We have moved up one or two levels of abstraction. It is now not only
_possible_ to perform complex tasks in scripting/shell environments but _easy_
to do so (huge standard libraries, etc.), and code written at a high level is
now “fast enough” in most cases. Also, the nature of those tasks has gone up a
level or two; networking, for instance, is no longer a neat feature and is
more like a core competency for a language.

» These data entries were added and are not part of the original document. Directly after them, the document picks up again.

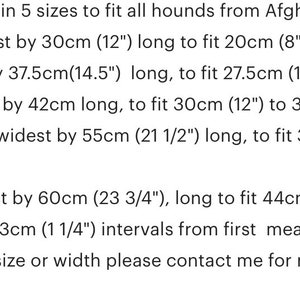 May include: Chart showing 5 sizes of dog collars with measurements in inches and centimeters. The collars are available in XXS, XS, Small, Medium, and Large sizes. The chart also includes the neck size range for each size.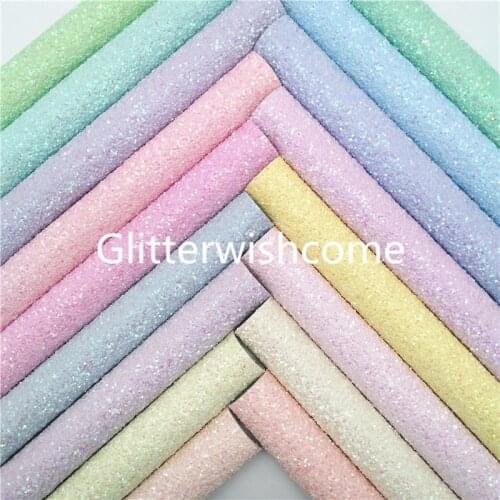 Glitterwishcome 21X29CM A4 Size Pastel Colors Chunky Glitter Leather Sheets with Felt Backing for Bows, GM991A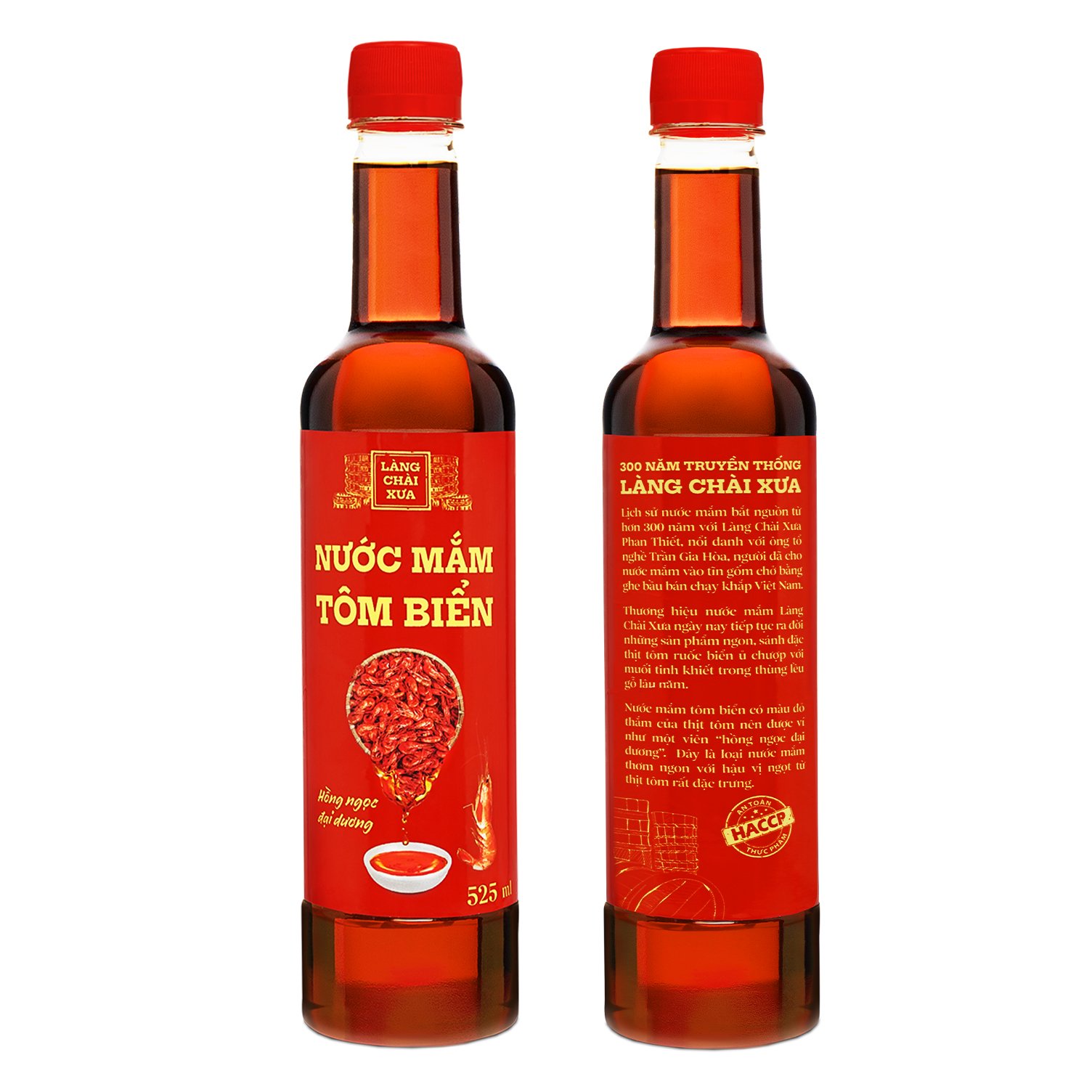 Đặc Sản Phan Thiết - Nước Mắm Tôm Biển Làng Chài Xưa 525Ml/Chai Hồng Ngọc Đại Dương 300 Năm Truyền Thống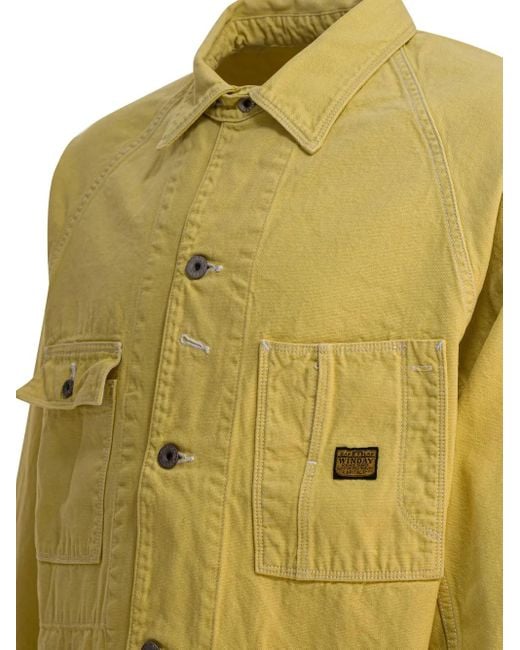 Kapital Yellow Raglan-Sleeve Pocket Shirt Jacket for men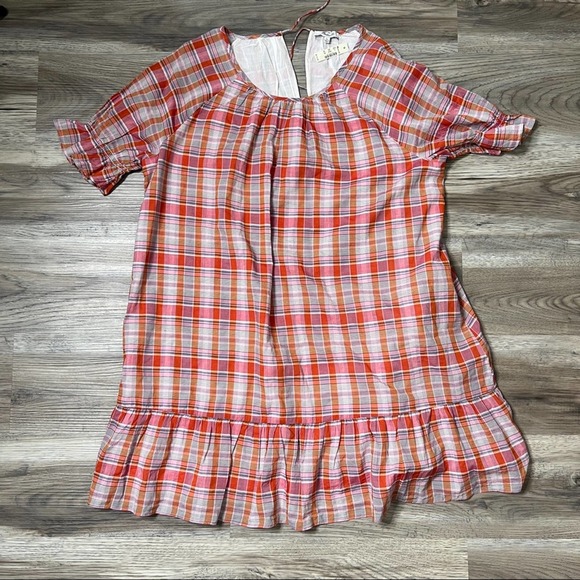 Madewell Plaid Ruffle-Sleeve Popover Mini Dress sz XL - Picture 2 of 6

We’ve spent a long time on parallel processing and finally have some pretty
neat constructs for doing so (in _mainstream_ languages and not just side
projects). Well overdue, and it leads to more natural coding in a lot of
cases.

We have a more “international” coding environment. It is far more common now
to see at least a _preference_ for stuff like UTF-8, if not full support for
it.

We’ve successfully open-sourced certain tools that are critical to
development. For instance, nowadays you don’t _really_ expect to pay money for
a compiler, and you _probably_ are using an open-source revision control
system (though some proprietary ones still exist). Generally, there is a
greater expectation that a community of some sort will exist around crucial
infrastructure tools.

Hardware, obviously, is way better. Unfortunately, while this has clearly
allowed for some incredible advances, it has also enabled extremely sloppy
coding. There seem to be massive amounts of memory allocated and other
“features” of some modern programs, and they work only because so many people
have over a gigabyte of RAM to make up for it.